Currents
7.2
Currents

Album de Tame Impala (2015)

Currents, sur courant alternatif ?

Lorsque le groupe australien Tame Impala sort le génialissime Lonerism en 2012, son leader (c’est peu de le dire) Kevin Parker ne s’attendait sûrement pas à un succès aussi retentissant ; les critiques comme le public ont adoubé le 2ème projet tout droit sorti de Perth , le citant régulièrement comme l’un des albums de l’année. Il faut dire qu’entre les productions psychédéliques à souhait faites de riffs de guitares planants, dont certains sentent pas mal le « Innerspeaker », premier album du groupe, la multiplication des reverbs de la voix de son homme à tout faire Kevin « Par Cœur » et surtout des tartines d’idées toutes aussi bonnes les unes que les autres, Tame Impala a conquis un large public qui n’attendait que la suite des événements.


Seulement, dans la vie d’un artiste, il y a le mot « vie », et Kevin Parker le sait mieux que quiconque ; la fin de sa relation amoureuse avec l’Aixoise Melody Prochet, dont l’excellent album Melody's Echo Chamber (de son nom de scène) était produit par Parker et sorti un mois avant Lonerism, le départ du bassiste Nick Allbrook et la multiplication des tournées du groupe, ont visiblement affectés l’artiste, qui a engagé un virage musical assez raide au moment de démarrer la production de Currents.


Sur ce nouveau projet aurait très bien pu figurer la célèbre phrase présente sur l’album The Final Cut de Pink Floyd sorti en 1983 « By Roger Waters performed by Pink Floyd » modifié en « By Kevin Parker performed by Tame Impala », car le leader du groupe, déjà omniprésent sur les deux premiers projets, a cette fois-ci décidé de tout faire lui-même : chants, écriture, instruments (tous sans exception), mix de l’album, TOUT, TOUT, TOUT !

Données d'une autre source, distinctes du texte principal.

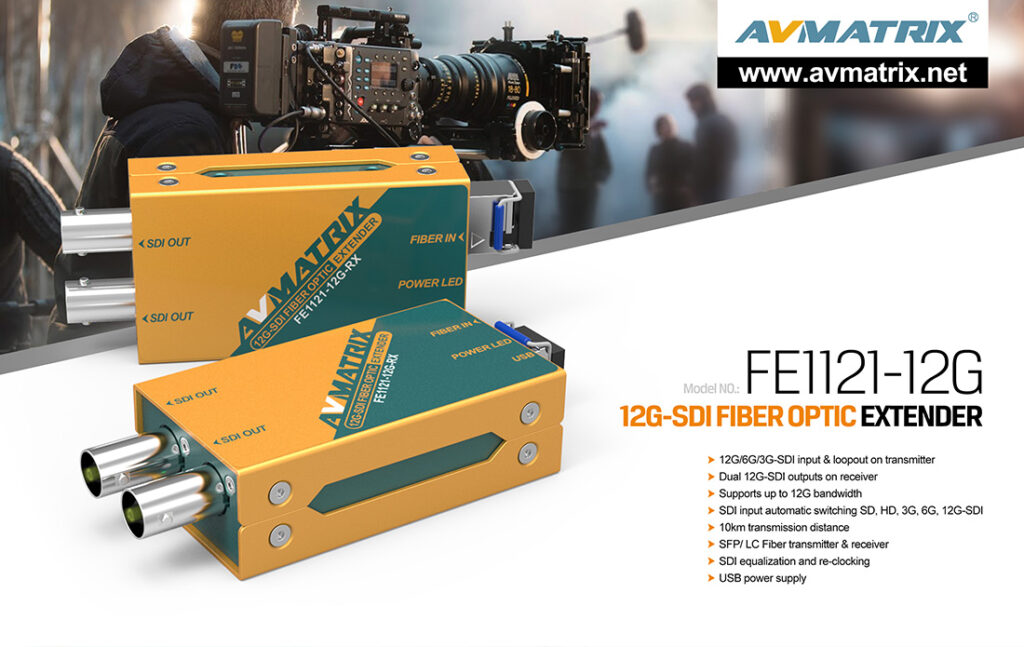 AVMATRIX-FE1121-12G – 12G-SDI Fiber Optic Extender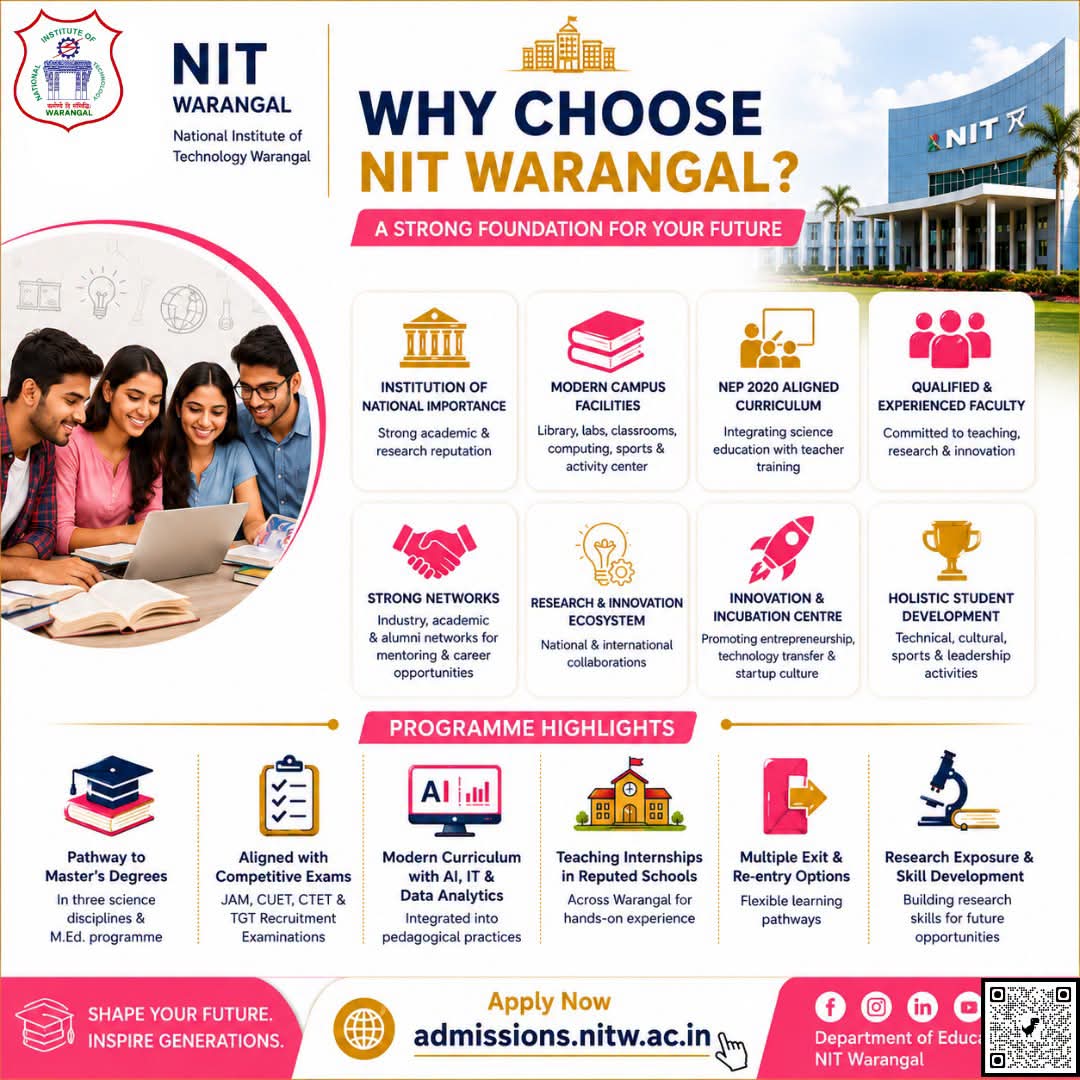 warangal_nit's tweet photo. Want to build a career in Teaching & Science
Admissions are open for the ITEP https://t.co/5lWFWXyNul. B.Ed. programme at NIT Warangal for AY 2026 -27.
Apply before 7 July 26
https://t.co/zqomQz75GC
@EduMinOfIndia @AICTE_INDIA @ugc_india
#NITWarangal #NITW #Admissions2026 #ITEP https://t.co/EULHJftYdn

Le changement amorcé est audible dès le premier extrait de l’album, Let It Happen, longue de plus de 7 minutes, (beaucoup) moins de guitares, et bien plus de synthés. Si évidemment le côté psychédélique reste présent, l’ambiance se veut plus froide qu’auparavant, et, chose assez inattendue, les reverbs vocaux qui rendaient quasiment incompréhensibles le contenu des textes de Parker, ont été réduits assez significativement, comme si l’artiste cette fois-ci voulait être entendu. Sur Yes I’m Changing, sur une production minimaliste, les textes, bien plus audibles, ne laissent pas de doute sur la volonté nouvelle de l’australien de faire passer un message « Yes I'm changing, can't stop it now, and even if I wanted, I wouldn't know how, another version of myself, I think I found, at last, and I can't always hide away.». C’est d’ailleurs très marquant sur ‘Cause I’m A Man « Once again, as it takes a hold, I am aware I'm not in control. You see, I have a conscience and it's never fooled, but it's prone to be overruled »


D’un point de vue de la production, ces deux titres sont d’ailleurs très marqués par ce virage musical plus pop voulu par Kevin Parker ; de longues nappes de synthés, des productions plus légères (dans le sens moins fourni en instruments). Déroutant pour les fans invétérés des deux premiers albums, mais cette nouvelle ligne est plutôt bien négociée par l’artiste, comme sur The Less I Know The Better, bien que certains autres titres de l’album soient moins réussis dans le même genre (Love/Paranoia ou New Person, Same Old Mistakes sont assez difficiles à suivre). Mais que ces fans ne s’inquiètent pas, le très bon Disciples par exemple nous ramène aux ambiances Innerspeaker, The Moment rappelle le très planant Why Won’t They Talk To Me sur Lonerism.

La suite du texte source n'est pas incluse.